The Paradox of Perfection

Martyn Lloyd Jones 90x115by Martyn Lloyd Jones

The Apostle [Paul] is concerned about the ‘development’ of that which is already in existence, rather than about arriving at something which is hitherto non-existent … Perhaps the clearest statement of the point is … in Philippians 3:10, where he says that his greatest desire is ‘that I may know him’. Does he mean by that, that he did not know Him at all, and that he is longing to have a knowledge of Christ? Of course not. What he is saying is this: ‘I do know Him, but I want to know Him much more, I want to have a deeper knowledge.’ He longs for an ‘increase’ and for the perfecting of the knowledge he already has.
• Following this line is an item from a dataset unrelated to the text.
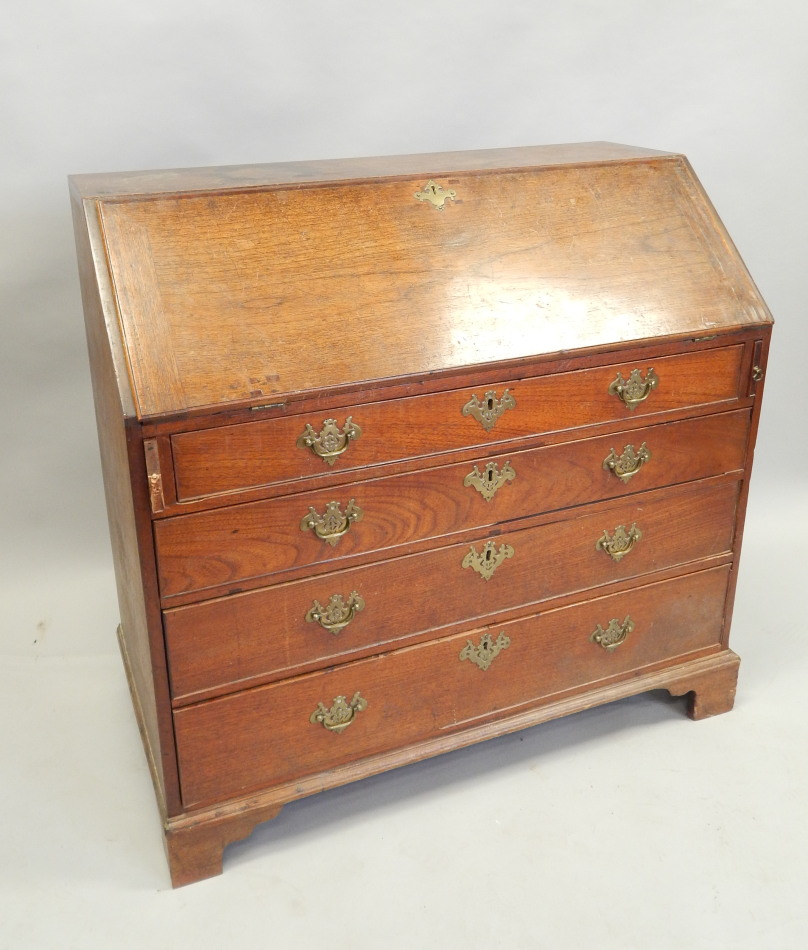 Appraisal: An early thC oak bureau the fall enclosing a cross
To put the matter finally beyond dispute we may turn to the paradoxical statement of Philippians 3:12-15. Paul begins, ‘Not as though I had already attained, either were already perfect’; and then continues, ‘Let us therefore, as many as be perfect, be thus minded’ (v15) … There is no real contradiction, of course. What he means is that all true Christians already have the knowledge essential to salvation and are perfect in that sense … So he says, ‘Let us therefore, as many as be perfect, be thus minded’. Then he goes on to say, ‘If in any thing ye be otherwise minded, God shall reveal even this unto you’. There are still aspects of the faith and of the truth which we do not yet know; they will be revealed to us. As regards the faith we have, and our present position on the foundation, Christ Jesus, there is a sense, therefore, in which we are already perfect. But we must also go on to perfection. We have not arrived, have not ‘already attained’ (v12). We are now growing in this knowledge that we have. We are now coming into it. It is because we are in it already that we can grow and develop in and through it.